Empower DC, Barry Farms residents celebrate as appeals court REJECTS redevelopment zoning

On the 26th of April the Court of Appeals overturned zoning approval for the "Planned Unit Development" that had been planned to replace and evict Barry Farms. While this fight probably isn't over, Empower DC turned their already scheduled happy hour at Mediterranian Spot on U st into victory party.

With the zoning board's approval of the "PUD" or Planned Unit Development vacated (overturned) by the Court of Appeals, evictions that were supposed to be complete by August in most buildings and demolition that was suppposed to begin in Janury 2018 are now stopped.
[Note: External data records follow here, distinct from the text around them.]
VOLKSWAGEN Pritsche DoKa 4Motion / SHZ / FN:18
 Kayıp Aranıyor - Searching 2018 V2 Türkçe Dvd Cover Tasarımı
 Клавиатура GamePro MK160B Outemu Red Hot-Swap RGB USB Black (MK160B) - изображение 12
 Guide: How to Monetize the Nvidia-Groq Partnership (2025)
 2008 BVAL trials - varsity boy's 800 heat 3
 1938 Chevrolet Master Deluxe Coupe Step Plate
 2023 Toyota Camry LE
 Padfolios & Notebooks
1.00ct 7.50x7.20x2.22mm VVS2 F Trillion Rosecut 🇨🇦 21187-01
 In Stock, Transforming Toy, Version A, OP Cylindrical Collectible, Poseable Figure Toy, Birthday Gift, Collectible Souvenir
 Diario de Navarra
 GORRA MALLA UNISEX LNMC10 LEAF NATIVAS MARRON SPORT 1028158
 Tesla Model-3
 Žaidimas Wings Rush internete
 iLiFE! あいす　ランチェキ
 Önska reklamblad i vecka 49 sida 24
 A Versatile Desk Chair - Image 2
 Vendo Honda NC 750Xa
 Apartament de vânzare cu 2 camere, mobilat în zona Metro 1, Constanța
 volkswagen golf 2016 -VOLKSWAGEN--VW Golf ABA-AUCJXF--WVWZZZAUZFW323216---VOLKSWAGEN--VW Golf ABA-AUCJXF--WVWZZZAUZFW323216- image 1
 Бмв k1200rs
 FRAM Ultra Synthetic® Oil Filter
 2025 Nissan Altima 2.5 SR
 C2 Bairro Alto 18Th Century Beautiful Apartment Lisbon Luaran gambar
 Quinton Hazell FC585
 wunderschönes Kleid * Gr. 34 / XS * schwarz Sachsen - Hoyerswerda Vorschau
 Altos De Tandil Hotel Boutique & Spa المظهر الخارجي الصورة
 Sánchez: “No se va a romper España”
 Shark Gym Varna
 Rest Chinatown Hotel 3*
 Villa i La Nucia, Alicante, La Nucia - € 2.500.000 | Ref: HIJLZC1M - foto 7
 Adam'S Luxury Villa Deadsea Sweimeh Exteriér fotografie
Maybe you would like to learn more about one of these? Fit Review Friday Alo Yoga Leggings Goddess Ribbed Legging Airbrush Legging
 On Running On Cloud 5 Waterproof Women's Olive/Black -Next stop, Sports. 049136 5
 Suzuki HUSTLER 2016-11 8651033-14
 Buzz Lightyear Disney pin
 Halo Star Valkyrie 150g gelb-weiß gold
A&R Development Corp. and the so-called "nonprofit" Preservation of Affordable Housing Inc now face nearly a do-over situation.

The core of the court's decision sends this back to the zoning board with these demands, taken from the court's published decision:

On remand, the Commission must:

(1) Explain its decision to approve a development characterized by high-density clusters that exceed the density suggested by Policy FSS-2.3.1 of the Comprehensive Plan;

(2) Explain the inconsistency between the Barry Farm Small Area Plan’s suggested unit affordability mix and the Applicant’s proposed distribution;

(3) Address the specific adverse impacts raised by Barry Farm residents and consider the loss of their current amenities as an adverse effect;

(4) Address the adequacy of the relocation plan in order to gauge the overall adverse impact of the proposed PUD; and

(5) Reconcile the dispute between the conclusion that the Applicant will “guarantee that can return to the PUD Site after redevelopment if they choose to do so” and that fact that there will be insufficient housing on the PUD site to accommodate all 380 families, should they wish to return.

Accordingly, we vacate the Commission’s order and remand this case for further proceedings.

It should not be possible for A&R Development Corp to meet these demands without totally redoing all their design work, as the demand that every last Barry Farms resident must be able to return simply cannot be met by the proposed development. It is interesting to note that a few years before Hurricane Katrina, residents of a project demolished and replaced under the former Federal Hope VI programs forced the developer to let them return to nice new units meant for upscale young (white) professionsals-at their old rents. That was reportedly the very last Hope VI project in pre-Katrina New Orleans.